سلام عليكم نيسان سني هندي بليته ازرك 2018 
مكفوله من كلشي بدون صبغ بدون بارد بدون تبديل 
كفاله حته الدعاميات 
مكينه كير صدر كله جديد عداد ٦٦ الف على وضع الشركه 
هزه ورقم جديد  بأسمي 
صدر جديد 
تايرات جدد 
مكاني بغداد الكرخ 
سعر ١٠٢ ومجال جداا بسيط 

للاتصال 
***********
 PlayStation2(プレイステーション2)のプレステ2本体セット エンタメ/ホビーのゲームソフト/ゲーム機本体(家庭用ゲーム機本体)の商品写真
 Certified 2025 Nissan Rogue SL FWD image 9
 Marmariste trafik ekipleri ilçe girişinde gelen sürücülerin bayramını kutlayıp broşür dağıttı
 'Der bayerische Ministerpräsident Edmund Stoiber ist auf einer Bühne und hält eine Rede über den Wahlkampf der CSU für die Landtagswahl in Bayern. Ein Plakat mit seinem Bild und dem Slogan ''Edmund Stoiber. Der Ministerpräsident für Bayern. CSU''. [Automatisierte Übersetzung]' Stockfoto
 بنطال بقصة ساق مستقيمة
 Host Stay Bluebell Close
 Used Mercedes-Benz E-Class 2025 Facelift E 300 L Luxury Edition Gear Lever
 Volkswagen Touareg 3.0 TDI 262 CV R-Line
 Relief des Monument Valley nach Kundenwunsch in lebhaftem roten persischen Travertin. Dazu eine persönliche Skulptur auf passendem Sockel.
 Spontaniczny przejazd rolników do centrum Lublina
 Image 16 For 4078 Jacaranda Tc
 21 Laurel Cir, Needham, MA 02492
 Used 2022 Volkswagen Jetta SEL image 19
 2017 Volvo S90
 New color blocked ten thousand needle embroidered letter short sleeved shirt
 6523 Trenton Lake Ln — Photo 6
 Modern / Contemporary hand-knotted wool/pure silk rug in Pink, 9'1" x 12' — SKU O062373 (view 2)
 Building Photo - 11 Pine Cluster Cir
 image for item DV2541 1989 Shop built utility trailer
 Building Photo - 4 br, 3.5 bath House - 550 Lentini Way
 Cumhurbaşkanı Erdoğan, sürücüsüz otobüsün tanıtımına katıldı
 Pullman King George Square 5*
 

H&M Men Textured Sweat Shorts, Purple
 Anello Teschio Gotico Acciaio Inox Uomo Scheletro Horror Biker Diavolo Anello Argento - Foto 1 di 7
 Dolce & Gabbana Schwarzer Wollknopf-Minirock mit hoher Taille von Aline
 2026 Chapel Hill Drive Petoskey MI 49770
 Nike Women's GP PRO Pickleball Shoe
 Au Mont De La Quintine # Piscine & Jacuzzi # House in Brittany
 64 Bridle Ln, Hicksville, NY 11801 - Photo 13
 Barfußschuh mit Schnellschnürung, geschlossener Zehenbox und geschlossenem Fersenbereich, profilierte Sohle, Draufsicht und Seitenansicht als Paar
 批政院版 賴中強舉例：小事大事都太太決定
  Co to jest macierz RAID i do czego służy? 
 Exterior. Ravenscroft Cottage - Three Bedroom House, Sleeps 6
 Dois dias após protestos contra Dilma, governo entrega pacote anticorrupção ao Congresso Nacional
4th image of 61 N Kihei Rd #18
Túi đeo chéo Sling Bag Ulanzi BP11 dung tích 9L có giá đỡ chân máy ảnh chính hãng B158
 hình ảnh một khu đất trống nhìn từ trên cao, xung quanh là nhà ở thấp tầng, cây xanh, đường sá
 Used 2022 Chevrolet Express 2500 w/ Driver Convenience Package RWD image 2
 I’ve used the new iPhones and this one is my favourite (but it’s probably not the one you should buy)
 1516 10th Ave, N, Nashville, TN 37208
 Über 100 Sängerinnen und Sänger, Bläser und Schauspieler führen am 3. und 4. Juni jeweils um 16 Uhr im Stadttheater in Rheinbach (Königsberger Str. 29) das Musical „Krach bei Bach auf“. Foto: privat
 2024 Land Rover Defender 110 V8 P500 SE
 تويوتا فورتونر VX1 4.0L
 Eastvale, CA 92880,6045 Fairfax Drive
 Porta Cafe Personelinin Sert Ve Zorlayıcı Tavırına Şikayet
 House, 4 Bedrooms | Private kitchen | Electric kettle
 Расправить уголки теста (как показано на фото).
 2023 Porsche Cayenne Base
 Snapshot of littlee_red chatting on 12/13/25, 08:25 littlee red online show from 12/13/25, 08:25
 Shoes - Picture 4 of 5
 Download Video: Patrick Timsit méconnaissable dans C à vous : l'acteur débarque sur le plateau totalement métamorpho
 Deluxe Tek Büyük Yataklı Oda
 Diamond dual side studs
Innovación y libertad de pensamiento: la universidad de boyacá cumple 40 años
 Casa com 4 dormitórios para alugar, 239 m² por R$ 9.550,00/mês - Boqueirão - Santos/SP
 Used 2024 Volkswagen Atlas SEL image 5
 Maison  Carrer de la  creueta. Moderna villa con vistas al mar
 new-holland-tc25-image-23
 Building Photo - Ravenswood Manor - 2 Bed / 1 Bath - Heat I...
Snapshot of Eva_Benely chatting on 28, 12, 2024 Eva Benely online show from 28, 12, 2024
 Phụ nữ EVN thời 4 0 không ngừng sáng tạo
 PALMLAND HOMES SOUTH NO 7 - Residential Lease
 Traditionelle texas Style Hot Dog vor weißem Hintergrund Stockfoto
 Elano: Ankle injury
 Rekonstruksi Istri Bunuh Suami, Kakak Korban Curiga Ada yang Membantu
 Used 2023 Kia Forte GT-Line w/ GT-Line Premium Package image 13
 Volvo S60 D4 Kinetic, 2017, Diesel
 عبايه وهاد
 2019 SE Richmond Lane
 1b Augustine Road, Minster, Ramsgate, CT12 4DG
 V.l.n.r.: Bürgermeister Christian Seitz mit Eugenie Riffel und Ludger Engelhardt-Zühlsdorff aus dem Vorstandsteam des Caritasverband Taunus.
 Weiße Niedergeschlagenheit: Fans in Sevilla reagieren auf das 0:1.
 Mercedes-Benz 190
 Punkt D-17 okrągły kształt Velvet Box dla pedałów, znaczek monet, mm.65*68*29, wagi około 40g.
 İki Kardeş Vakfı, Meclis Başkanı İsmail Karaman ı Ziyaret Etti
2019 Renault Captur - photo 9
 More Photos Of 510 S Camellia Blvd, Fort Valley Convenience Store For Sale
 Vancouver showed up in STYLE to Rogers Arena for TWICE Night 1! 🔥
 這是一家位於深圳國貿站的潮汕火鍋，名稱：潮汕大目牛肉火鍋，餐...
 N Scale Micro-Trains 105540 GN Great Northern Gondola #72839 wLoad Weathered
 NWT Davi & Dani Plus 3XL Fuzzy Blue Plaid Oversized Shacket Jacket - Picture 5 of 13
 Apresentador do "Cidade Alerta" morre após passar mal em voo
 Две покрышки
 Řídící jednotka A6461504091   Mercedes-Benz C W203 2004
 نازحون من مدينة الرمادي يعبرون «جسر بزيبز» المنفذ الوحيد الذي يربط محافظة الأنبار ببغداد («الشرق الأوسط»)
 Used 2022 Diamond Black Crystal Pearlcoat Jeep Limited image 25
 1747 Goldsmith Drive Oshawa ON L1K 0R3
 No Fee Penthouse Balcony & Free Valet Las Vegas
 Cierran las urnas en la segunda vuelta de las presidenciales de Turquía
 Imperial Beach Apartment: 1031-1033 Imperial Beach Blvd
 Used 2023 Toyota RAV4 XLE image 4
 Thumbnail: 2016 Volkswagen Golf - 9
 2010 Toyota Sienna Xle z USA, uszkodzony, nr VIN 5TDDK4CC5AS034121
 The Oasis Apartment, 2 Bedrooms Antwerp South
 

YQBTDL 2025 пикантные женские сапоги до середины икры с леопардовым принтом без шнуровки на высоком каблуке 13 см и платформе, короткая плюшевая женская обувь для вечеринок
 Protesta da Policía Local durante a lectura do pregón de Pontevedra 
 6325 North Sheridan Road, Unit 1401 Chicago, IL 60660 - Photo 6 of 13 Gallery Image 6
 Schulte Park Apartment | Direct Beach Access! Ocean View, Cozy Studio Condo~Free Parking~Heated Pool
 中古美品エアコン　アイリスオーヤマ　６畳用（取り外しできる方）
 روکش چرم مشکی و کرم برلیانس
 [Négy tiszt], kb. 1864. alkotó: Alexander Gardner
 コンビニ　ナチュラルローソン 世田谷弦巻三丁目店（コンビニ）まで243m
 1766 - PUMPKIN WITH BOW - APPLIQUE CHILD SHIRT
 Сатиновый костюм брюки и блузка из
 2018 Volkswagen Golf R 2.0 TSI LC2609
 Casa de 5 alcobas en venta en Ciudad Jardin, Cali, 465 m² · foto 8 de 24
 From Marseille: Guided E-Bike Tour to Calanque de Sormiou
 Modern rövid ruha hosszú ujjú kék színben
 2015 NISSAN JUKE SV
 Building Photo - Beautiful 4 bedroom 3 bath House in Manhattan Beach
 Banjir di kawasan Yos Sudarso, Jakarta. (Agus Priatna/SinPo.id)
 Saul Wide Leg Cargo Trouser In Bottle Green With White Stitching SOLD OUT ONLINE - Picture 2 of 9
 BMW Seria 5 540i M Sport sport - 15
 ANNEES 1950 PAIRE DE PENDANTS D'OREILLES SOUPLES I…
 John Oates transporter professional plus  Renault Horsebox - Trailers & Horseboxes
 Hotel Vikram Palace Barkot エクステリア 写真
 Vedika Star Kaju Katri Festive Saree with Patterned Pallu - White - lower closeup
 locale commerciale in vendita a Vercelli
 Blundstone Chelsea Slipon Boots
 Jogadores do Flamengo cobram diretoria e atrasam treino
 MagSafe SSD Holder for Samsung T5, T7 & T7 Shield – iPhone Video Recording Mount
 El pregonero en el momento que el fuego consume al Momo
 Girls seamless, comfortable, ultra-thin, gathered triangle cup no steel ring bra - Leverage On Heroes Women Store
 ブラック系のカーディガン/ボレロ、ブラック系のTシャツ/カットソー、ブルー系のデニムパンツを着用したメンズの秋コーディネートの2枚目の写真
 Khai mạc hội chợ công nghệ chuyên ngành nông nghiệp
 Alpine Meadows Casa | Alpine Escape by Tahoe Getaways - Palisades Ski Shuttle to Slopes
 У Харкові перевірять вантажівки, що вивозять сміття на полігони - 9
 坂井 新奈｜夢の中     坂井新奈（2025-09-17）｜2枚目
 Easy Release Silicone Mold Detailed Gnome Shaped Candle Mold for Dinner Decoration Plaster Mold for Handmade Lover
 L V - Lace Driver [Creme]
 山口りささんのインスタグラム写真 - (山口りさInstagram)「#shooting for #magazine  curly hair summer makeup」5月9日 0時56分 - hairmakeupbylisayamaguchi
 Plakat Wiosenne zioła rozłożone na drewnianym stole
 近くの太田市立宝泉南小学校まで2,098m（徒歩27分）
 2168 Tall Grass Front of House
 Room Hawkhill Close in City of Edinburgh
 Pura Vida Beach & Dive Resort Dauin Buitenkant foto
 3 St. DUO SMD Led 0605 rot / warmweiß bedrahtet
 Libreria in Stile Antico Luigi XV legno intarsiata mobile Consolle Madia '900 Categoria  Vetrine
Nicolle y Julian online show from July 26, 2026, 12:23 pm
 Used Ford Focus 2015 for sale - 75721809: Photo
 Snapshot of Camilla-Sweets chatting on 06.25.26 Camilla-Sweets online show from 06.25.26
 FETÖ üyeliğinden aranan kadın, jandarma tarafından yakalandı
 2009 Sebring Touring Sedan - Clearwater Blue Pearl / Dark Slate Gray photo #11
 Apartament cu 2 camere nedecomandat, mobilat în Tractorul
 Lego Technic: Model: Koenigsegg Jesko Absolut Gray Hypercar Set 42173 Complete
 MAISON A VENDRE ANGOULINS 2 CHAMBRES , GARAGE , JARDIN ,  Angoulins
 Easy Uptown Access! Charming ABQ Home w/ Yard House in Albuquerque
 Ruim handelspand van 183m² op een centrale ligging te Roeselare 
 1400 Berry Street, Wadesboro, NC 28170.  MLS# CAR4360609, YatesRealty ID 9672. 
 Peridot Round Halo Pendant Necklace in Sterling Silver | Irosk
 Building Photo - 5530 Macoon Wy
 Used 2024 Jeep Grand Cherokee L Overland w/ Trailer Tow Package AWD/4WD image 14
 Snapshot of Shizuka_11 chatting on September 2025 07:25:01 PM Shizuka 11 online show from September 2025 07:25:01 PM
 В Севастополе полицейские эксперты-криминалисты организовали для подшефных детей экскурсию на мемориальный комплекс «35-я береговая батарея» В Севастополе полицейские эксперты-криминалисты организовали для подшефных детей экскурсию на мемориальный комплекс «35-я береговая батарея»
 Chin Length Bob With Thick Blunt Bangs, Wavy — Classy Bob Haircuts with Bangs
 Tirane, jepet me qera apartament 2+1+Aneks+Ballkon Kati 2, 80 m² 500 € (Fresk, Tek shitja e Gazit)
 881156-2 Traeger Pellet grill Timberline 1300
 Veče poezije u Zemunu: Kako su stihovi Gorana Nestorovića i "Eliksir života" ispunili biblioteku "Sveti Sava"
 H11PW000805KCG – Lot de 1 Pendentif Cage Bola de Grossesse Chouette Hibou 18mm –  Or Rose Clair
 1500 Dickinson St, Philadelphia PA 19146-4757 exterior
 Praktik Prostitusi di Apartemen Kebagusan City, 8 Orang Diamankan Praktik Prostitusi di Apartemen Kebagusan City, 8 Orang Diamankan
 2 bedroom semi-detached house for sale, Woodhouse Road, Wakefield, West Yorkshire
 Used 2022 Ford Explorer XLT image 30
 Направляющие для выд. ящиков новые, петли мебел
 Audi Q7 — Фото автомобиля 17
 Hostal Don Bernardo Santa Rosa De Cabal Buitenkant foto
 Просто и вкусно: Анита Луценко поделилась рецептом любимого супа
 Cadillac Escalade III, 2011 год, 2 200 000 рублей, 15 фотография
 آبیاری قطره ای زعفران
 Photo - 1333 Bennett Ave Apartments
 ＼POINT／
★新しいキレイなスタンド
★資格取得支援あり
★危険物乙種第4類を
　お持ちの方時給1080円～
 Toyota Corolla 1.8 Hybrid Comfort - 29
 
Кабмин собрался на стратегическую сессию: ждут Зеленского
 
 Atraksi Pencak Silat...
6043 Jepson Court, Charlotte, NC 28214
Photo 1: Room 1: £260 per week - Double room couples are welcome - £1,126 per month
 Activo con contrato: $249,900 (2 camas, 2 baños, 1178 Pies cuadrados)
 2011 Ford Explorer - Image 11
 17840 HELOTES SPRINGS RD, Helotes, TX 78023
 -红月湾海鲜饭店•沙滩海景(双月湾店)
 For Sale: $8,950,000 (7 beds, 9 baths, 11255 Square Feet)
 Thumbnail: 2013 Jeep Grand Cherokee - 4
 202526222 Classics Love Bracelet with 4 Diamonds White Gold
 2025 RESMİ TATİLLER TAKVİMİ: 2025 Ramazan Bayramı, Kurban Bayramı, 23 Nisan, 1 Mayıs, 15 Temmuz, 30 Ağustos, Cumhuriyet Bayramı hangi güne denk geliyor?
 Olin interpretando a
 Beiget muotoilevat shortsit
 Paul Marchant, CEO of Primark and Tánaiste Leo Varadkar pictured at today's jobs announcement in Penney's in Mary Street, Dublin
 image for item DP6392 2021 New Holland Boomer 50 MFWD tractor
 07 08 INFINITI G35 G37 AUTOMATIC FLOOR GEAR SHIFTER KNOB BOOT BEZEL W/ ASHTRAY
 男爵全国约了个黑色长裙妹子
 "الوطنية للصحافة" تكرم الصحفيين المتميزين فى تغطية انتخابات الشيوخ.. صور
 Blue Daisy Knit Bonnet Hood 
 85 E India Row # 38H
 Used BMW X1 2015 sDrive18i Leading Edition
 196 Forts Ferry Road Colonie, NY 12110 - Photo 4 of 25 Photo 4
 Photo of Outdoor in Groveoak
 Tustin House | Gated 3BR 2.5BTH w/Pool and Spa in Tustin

EXERCISE BRIEF: Search the listing above for "Driver" and copy every line that holds it.

SOLUTION TO THIS PROBLEM:
 Used 2022 Chevrolet Express 2500 w/ Driver Convenience Package RWD image 2
 L V - Lace Driver [Creme]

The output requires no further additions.